農薬は作物を病害虫から守り、健全な生育を促進します。そんな農薬を適切に施用することは作物の健康と収量を確保するために重要です。また農薬の効果を最大限に発揮させるためにはその使用方法を理解することも大切です。
たとえば農薬にはさまざまな剤型があり、作物や環境条件に応じて最適なものを選択する必要があります。また、農薬を散布する際は薬剤を正しく希釈することも大切です。

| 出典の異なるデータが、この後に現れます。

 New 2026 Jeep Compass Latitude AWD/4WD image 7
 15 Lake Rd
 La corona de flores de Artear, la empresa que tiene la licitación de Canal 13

本記事では、さまざまな農薬の剤型とそれぞれの特性、薬剤の適切な希釈・混合の方法について取り上げます。
さまざまな剤型
農薬を選ぶ際には、まずその剤型に注目する必要があります。剤型とは、農薬の物理的な形態を指し、散布方法や作物への影響に大きく関わります。一般的に、農薬の剤型は以下の2つに分けられます。
水に希釈して使用するもの
剤型 | 備考 |
水和剤 | 粉末状の農薬原体に分散剤や界面活性剤を加えて水で懸濁させたもの |
フロアブル剤 | 水和剤の一種。固形の有効成分を微粒子状にして水に分散させたもの |
顆粒水和剤 | 水和剤に少量の水を加えて顆粒化し、乾燥させたもの |
ドライフロアブル剤 | 水和剤の一種で、顆粒状の製剤。水中に投入されると速やかに崩壊して分散する |
水溶剤 | 水に溶ける粉状や粒状の固体製剤。水に溶かして使用する |
顆粒水溶剤 | 水溶剤に集合剤などを加え、顆粒状にしたもの |
乳剤 | 水に溶けにくい農薬原体を有機溶剤中に乳化した液体製剤。水に乳濁させて使用する |
EW剤 | EMはEmulsion oil in waterの略称。水に不溶な有効成分を乳化剤で水中に乳化させて作られた液体製剤 |
液剤 | 水溶性の有効製剤を液体の製剤としたもの。薬の有効成分が水に溶けるため、水に薄めても透明。そのため、水と間違えないように着色剤を入れているものもある |
ME液剤 | MEはmicro emulsionの略称。水に溶けない有効成分を少量の有機溶剤や界面活性剤で水に分散させたもの |
マイクロカプセル剤 | 微粒子(マイクロカプセル、農薬原体が高分子の薄膜で覆われている)を水に懸濁させたもの |
そのまま使用するもの
剤型 | 備考 |
粉剤 | そのまま使用される粒径300~1700µmの細粒。さまざまな製造方法があり、たとえば農薬原体を粘土などの鉱物質に練り込んだものや、農薬原体を多孔性鉱物質にしみ込ませたものなどがある |
ジャンボ剤 | 粒剤の一種。タブレット状のものもあれば、粒剤・錠剤・粉末などを水溶性フィルムで包んだパック状のものもある |
油剤 | 水に溶けない有効成分を有機溶剤に溶かしたもの |
ペースト剤 | ペースト状の製剤 |
くん煙・くん蒸剤 | 加熱によって有効成分を煙状の微細な粒子として空中に拡散させ、作物や病害虫に効力を発揮させるもの |
一般的な剤型の特性
それぞれの剤型には、散布方法や適用環境に応じた特性があり、目的に合った選択が重要です。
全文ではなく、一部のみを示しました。